Re-reading this post, it occurs to me that my Mom comes across badly, which I feel terrible about.  My Mom’s great.  But I know I baffled her terribly; always bugging her to buy more jello (which somehow mysteriously disappeared from the pantry), and asking for three sandwiches every day for lunch, not knowing that two of them went to Terry Phegley and Charles Robinson, the school bullies.

See, I was a good kid, a university professor’s son, an A student, on the rare occasions that I turned in my homework.  I was the quiet kid sitting in the back of the class, reading.  I wasn’t a trouble-maker, not really.  I didn’t spend recess like most of the other kids did, clipping off grasshoppers’ heads with a toenail clipper, to watch headless insects hop.  I was on the school’s safety patrol, an honor I loathed.  A few favored kids were chosen by the principal for safety patrol, which meant that you got this white belt-with-shoulder-strap thing you were supposed to wear, especially at recess.

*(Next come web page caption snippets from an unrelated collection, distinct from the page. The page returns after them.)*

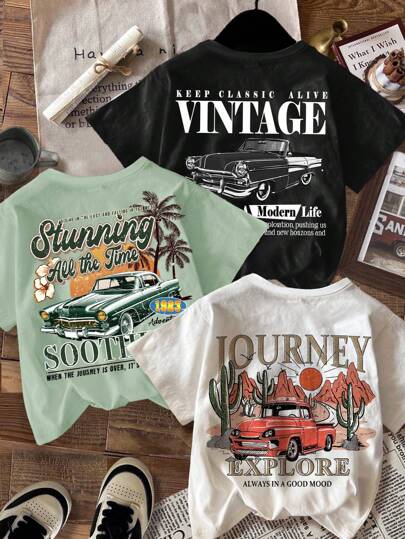 3pcs/Set Boys' Casual Cartoon Graphic Round Neck Short Sleeve T-Shirts, Suitable For Summer Vintage T Shirts Graphic Tees Vintage Car T-Shirts Summer Graphic Tees Men Graphic Tees, School, Campus, College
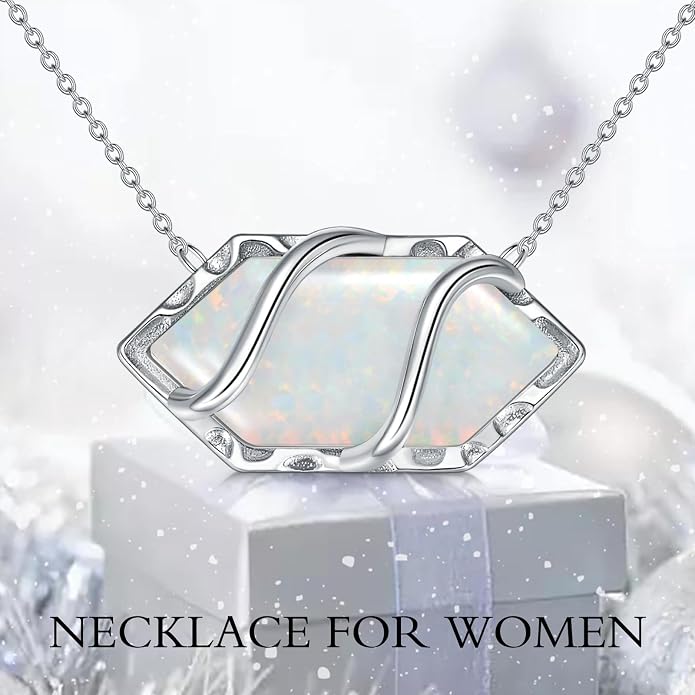 HPQQ Teardrop Necklace 925 Sterling Silver Filigree Gemstone Pendant Necklace Fine Jewelry Birthday Mother's Day Gifts for Women Her Mom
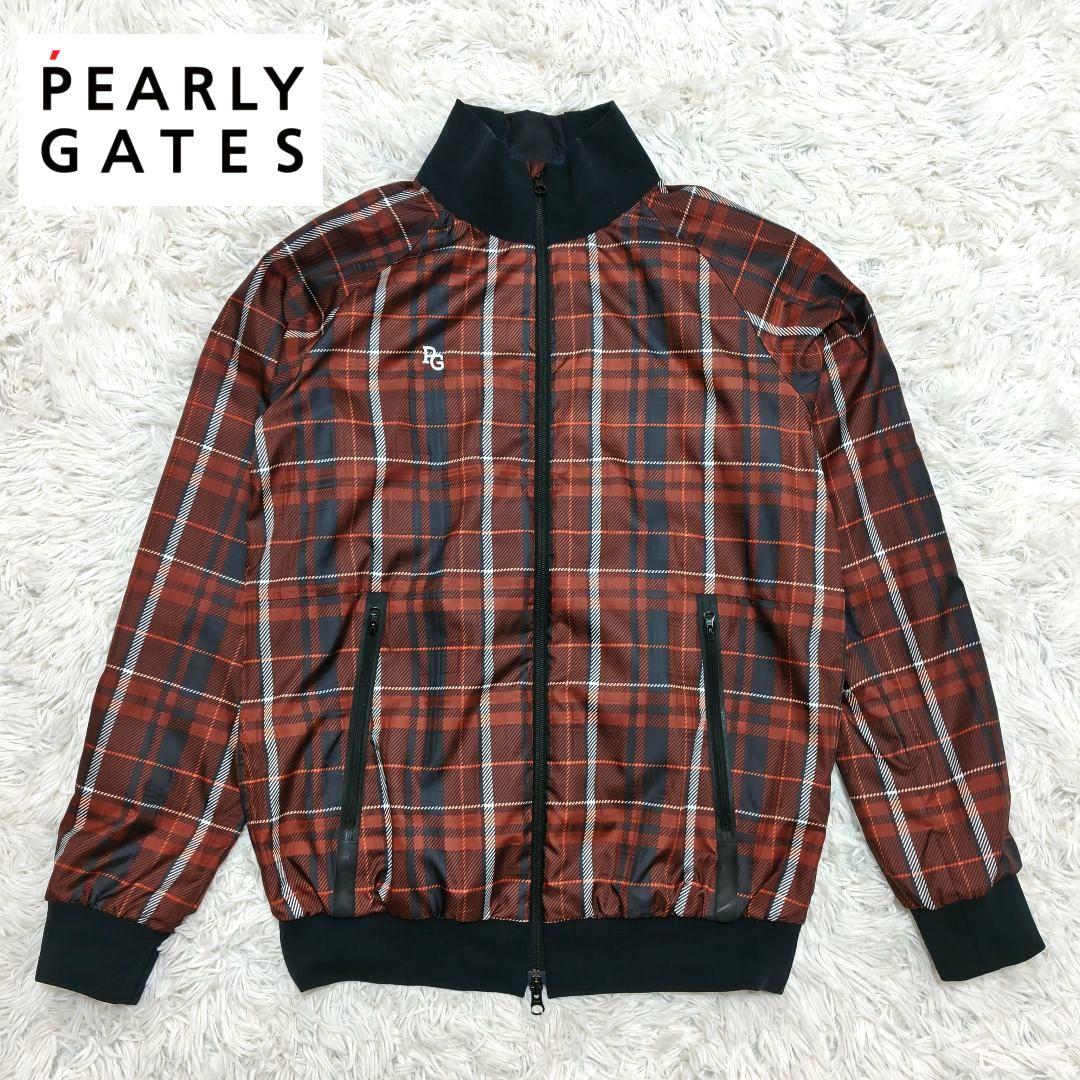 パーリーゲイツ ブルゾン ジャケット チェック フルジップ ブラウン
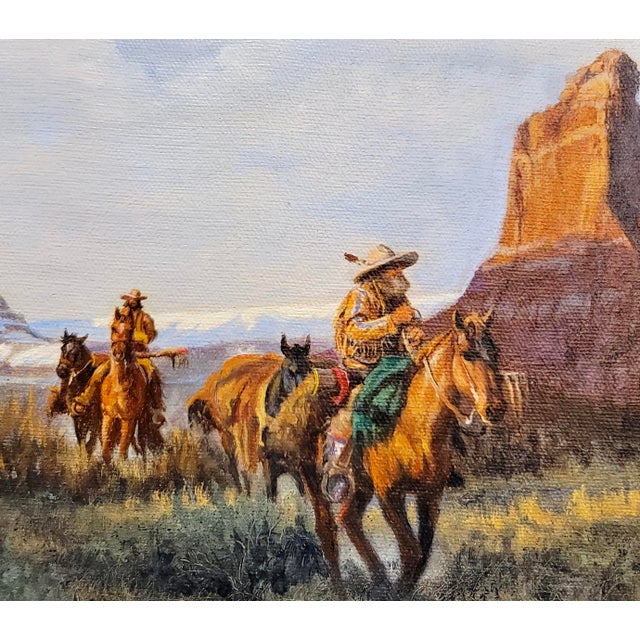1990s John Phelps- Fur Trappers on Horseback in the Wild West-Oil Painting For Sale - Image 5 of 9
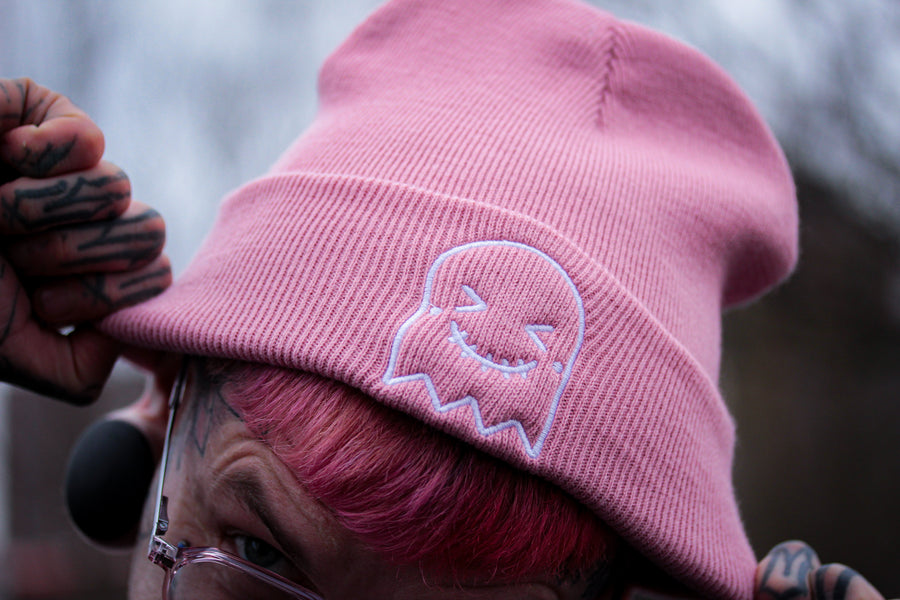 Pink Embroidered Ghost Beanie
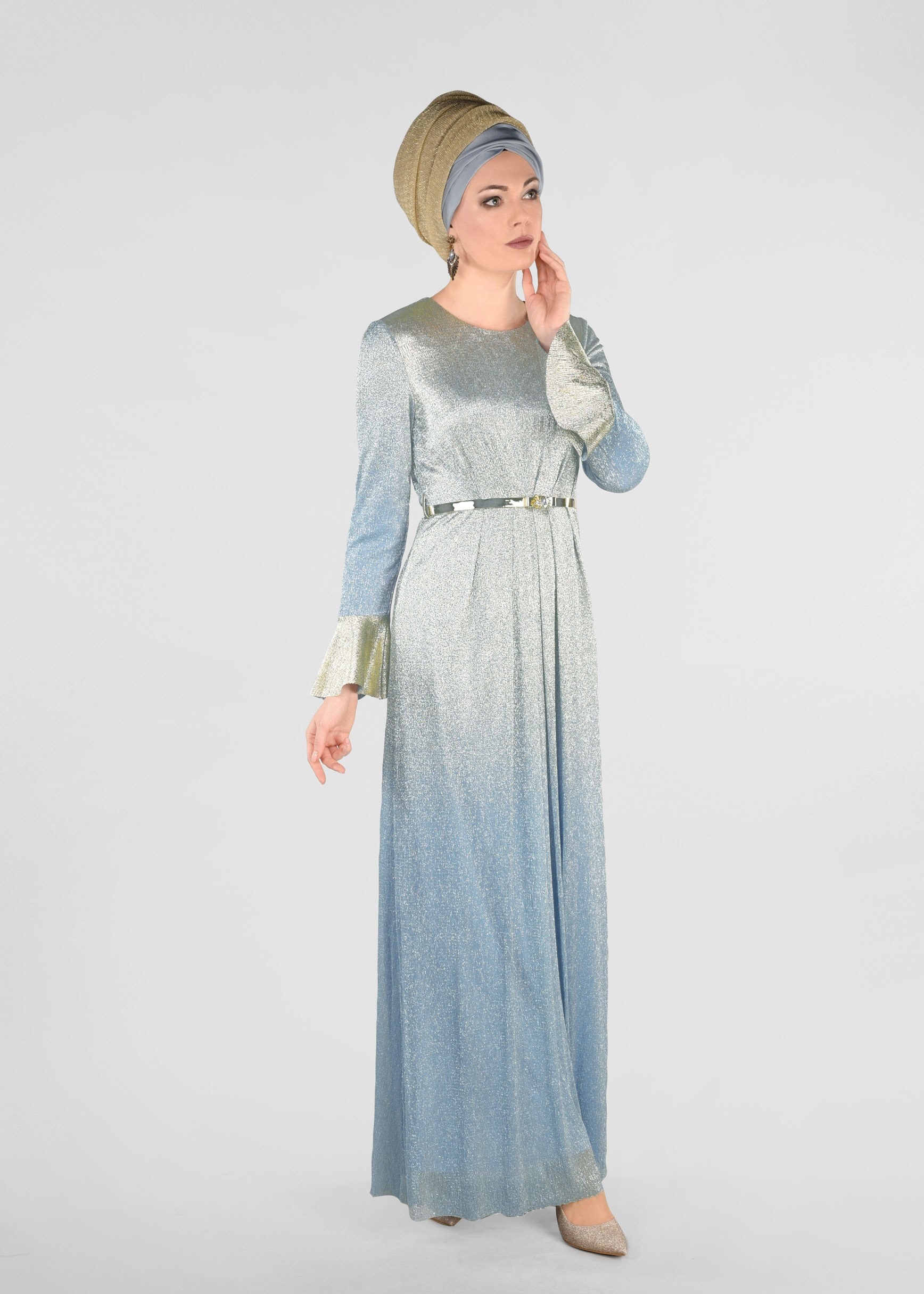 Tesettür giyim MAVİ RENK GEÇİŞLİ SİMLİ ABİYE ELBİSE 5431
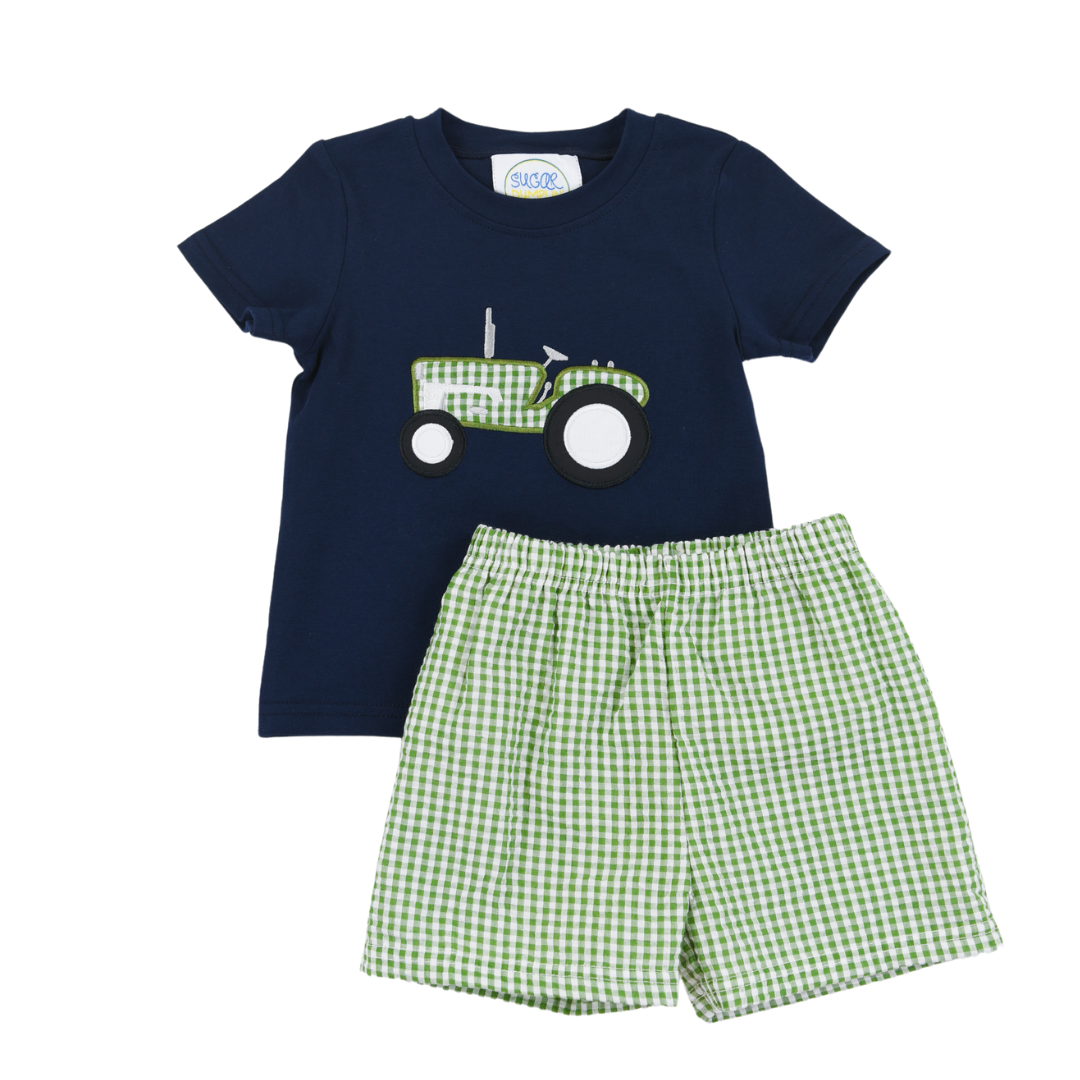 Tractor Appliqué Boy Short Set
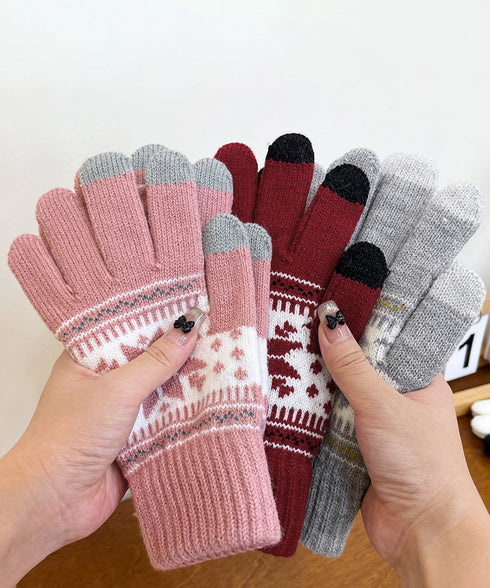 ノルディック柄手袋 スマホ対応暖かい手袋 レディース 北欧風ジャガード手袋 冷え対策リブ編み手ぶくろ 通勤通学大人可愛い毛糸手袋 アウトドア 5本指ニットグローブ 92DXZZ-001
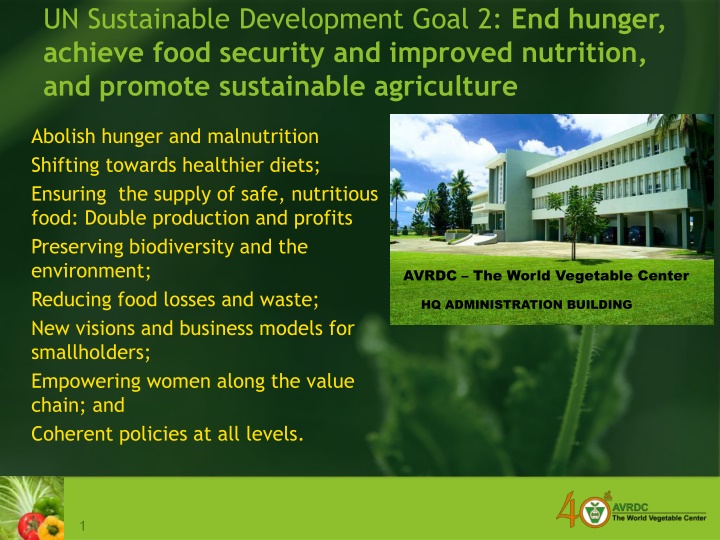 Transforming Agriculture for Sustainable Development: Ending Hunger, Ensuring Food Security, and Promoting Nutrition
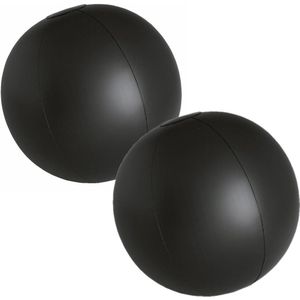 2x stuks opblaasbare zwembad strandballen plastic zwart 28 cm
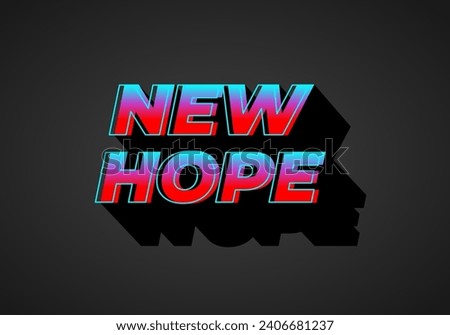 New item. Text effect design in 3D look. Gradient blue red color. Dark background
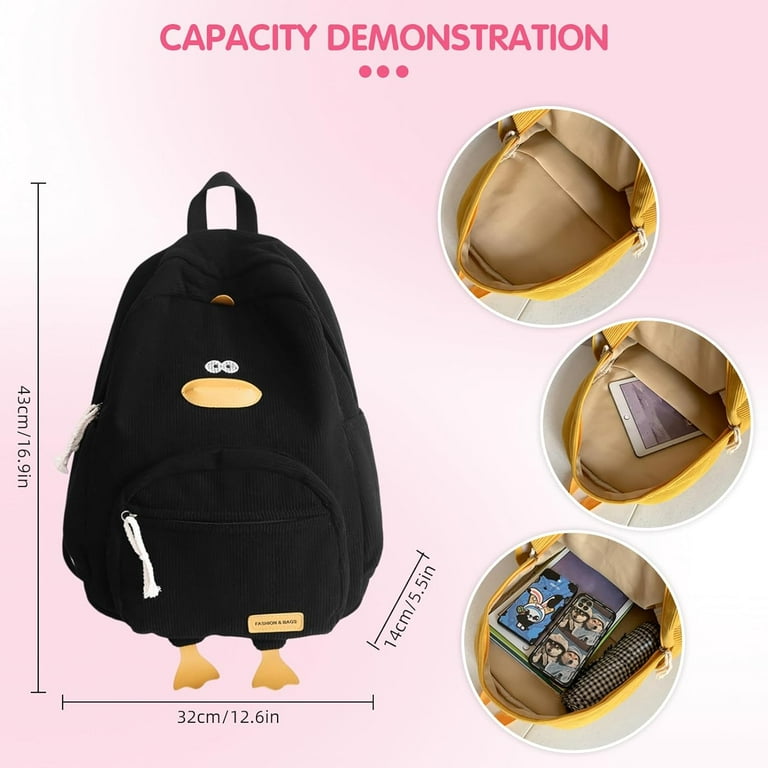 Kawaii Duck Cute Backpack, Large Capacity Cute Fun Aesthetic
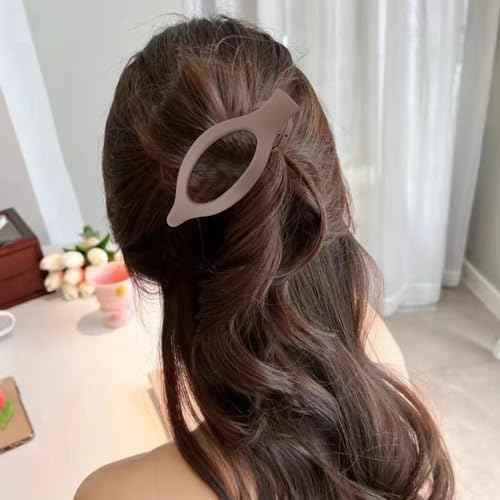 Flat Hair Claw Clips for Thick and Thin Hair - Large Alligator Clips, Duck Billed Barrettes and Matte Neutral Clamps for Women and Girls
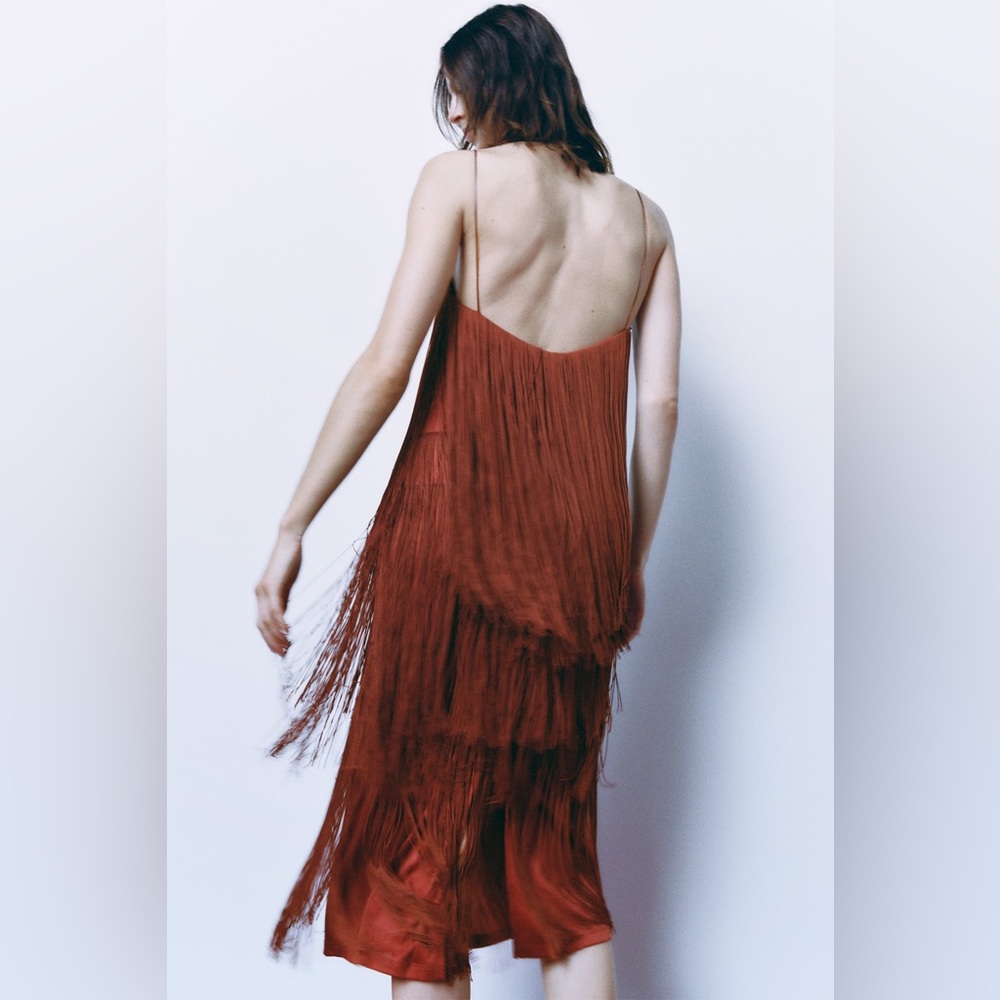 Zara STRAPPY FRINGED brown midi DRESS sz.XS-S - Picture 9 of 15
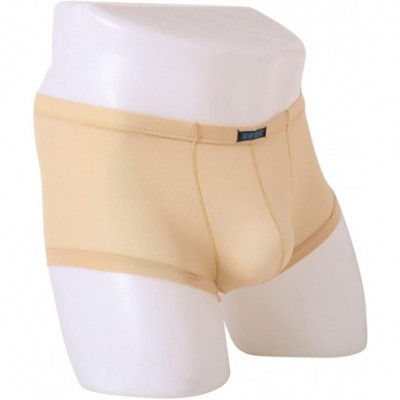 Boxer Briefs Men's Seamless Comfort Soft Silk Boxer Briefs - Nude - CU18CD8N99A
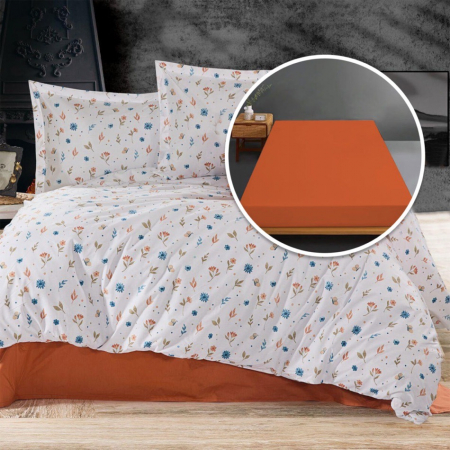Textile pentru casă - Lenjerie de pat ranforce, 100% bumbac, cu husă universală pentru saltea de 140cm x 200cm / 160cm x 200cm mara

The purpose of the belt thing, I now realize, was for the convenience of the school’s bullies, to let them know who should be beaten up first. As a safety patroller, if I saw kids breaking school rules, I were supposed to narc on them.  Turn them in.  I never did, of course, but it didn’t matter; the belt was enough to get you thoroughly thrashed. I had to do something, so I became a hard-core jello dipper. And jello trafficker.

So, anyway, we jello dipped in the bus to Cincinatti, and then got to the ballpark way early, so we could shag flies during batting practice.  It was amazing, to run around on the field of a big league ballpark.  The Reds were playing the San Francisco Giants, and all my teammates were Reds’ fans.  Above all, we wanted autographs.  We’d brought our gloves (essential anyway for shagging flies), and our sharpies.  Of course we had sharpies.  They were a new thing back then (first marketed in 1964), but they were perfect for autographs.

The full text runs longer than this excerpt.